中小企業の生成AI活用 経営課題と連動した導入が重要に
経営課題との連動なしに、生成AIを導入しても効果は期待できない。コンサルタントとして中小企業のDX支援等を手掛け、実務家教員としても活躍する東庸行氏に、中小企業における生成AI活用のポイントや、競争力向上へとつなげるための方策について、話を聞いた。
生成AIは中小企業の
人材育成や事業承継を変える

東 庸行
中部エネテックコンサルテイング株式会社
代表取締役
一般社団法人 中小企業DX推進機構 代表理事
愛知県中小企業診断士協会 DX/GX研究会 会長
国立大学法人名古屋工業大学 産学官金連携機構 研究員
日立製作所グループにて研究開発に従事。その後大手コンサルティング会社にて、IPO支援、システム導入支援などを経験。ベンチャー企業数社の役員を経験後、経営コンサルタントとして独立開業。現在は経営コンサルティング、DXコンサルティング、新規事業開発、アンドレプレナー支援等を手掛ける。名古屋市立大学大学院 先端型実務家教員養成プログラム修了、東京大学AI経営寄付講座(松尾研&PwC)修了、AIビジネスデザイン講座(NewsPicks)修。主な資格:中小企業診断士、経営学(MBA)修士、システムアドミニストレーター。

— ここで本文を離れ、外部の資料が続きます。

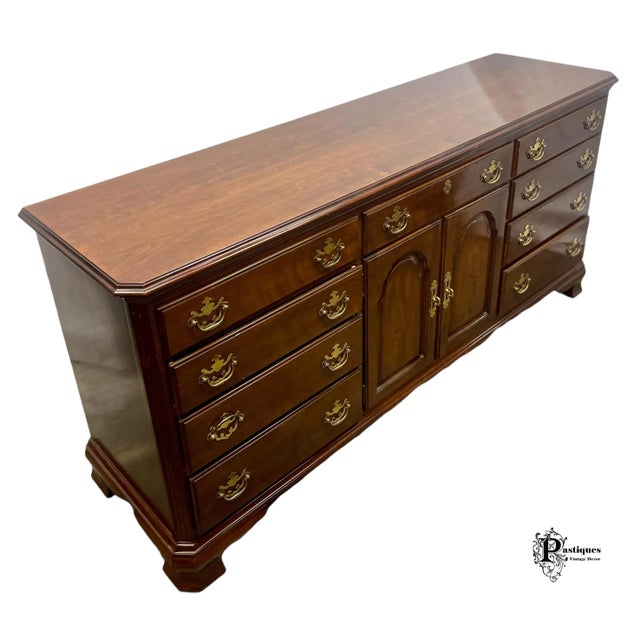 Wood Vintage Drexel Heritage Chippendale Style Solid Cherry Dresser For Sale - Image 7 of 13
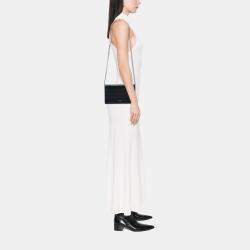 مملوكة مسبقًا Saint Laurent Paris Black Croc Embossed Leather Wallet On Chain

── 中小企業における生成AIの可能性について、どのように考えていますか。
私はコンサルタントとして、中小企業のDX支援等を行っています。5年程前からAIにも関心を持ち、東京大学のAI講座も受講して、その可能性を探ってきました。当時はまだ生成AIは登場していませんでしたが、いずれ中小企業でもAIやロボットが普及し、経営や現場を大きく変えていくと考えていました。

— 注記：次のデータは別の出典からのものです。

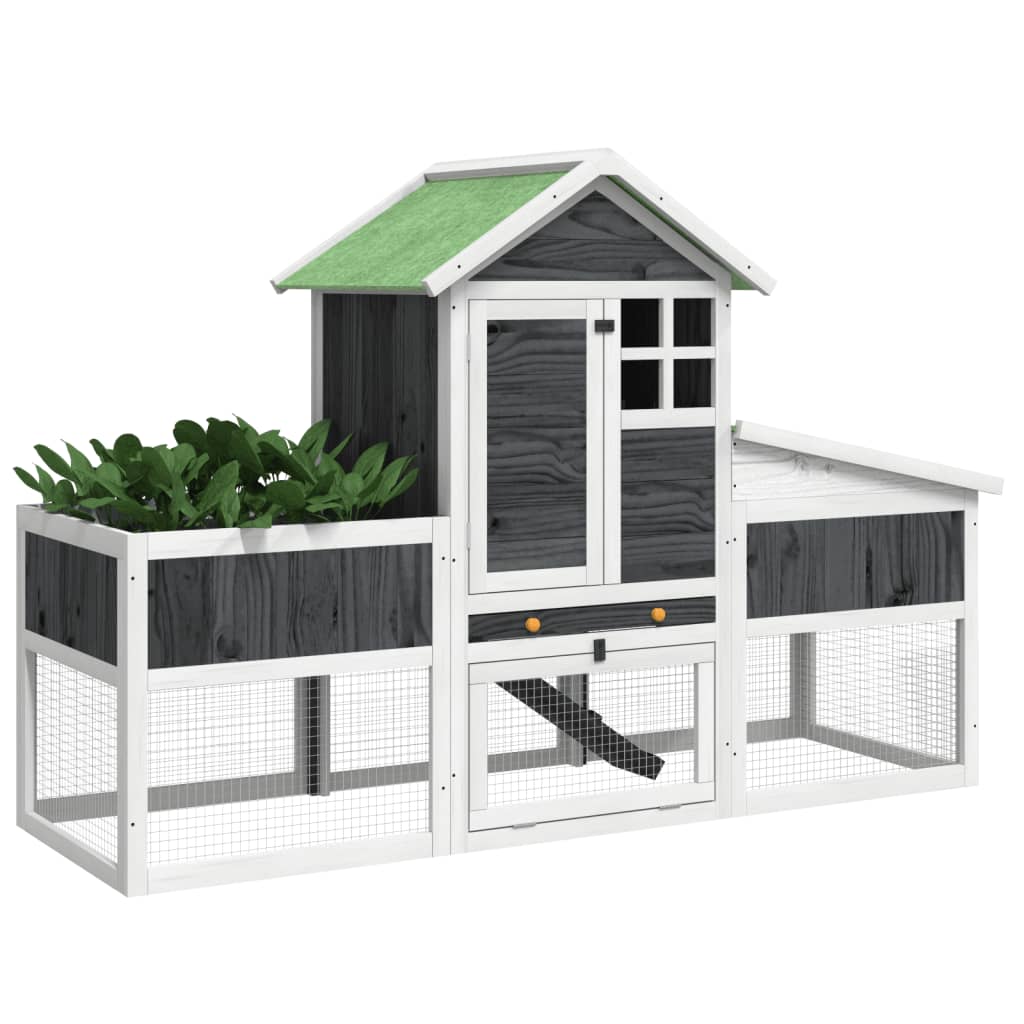 Rabbit Hutch Grey, White, Green Solid Pine Wood, Plywood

生成AIの登場は、中小企業にとっても大きなチャンスです。従来、システム開発にはITエンジニアがプログラムを設計する必要がありました。しかし生成AIにより、ある程度の知識があれば、エンジニアでなくても自社でアプリやシステムを構築できます。そのため、中小企業でも低コストで業務効率化や経営改革のDXを実現しやすくなりました。
また、生成AIは企画の立案やプレゼン資料の作成、マーケティングのリサーチ、ウェブ制作やSNS運用など、あらゆる場面で活用できます。生成AIを使いこなせる人と使っていない人では、生産性に10倍、20倍の差が出ています。
事業承継における活用も考えられるでしょう。多くの中小企業では、知見やノウハウが経営トップに属人化しています。そのため、後継者に対して、どうやって知見やノウハウを伝承するかが大きな課題でした。生成AIに経営トップの知見を学習させることで、後継者の育成や、社員教育にもつなげられます。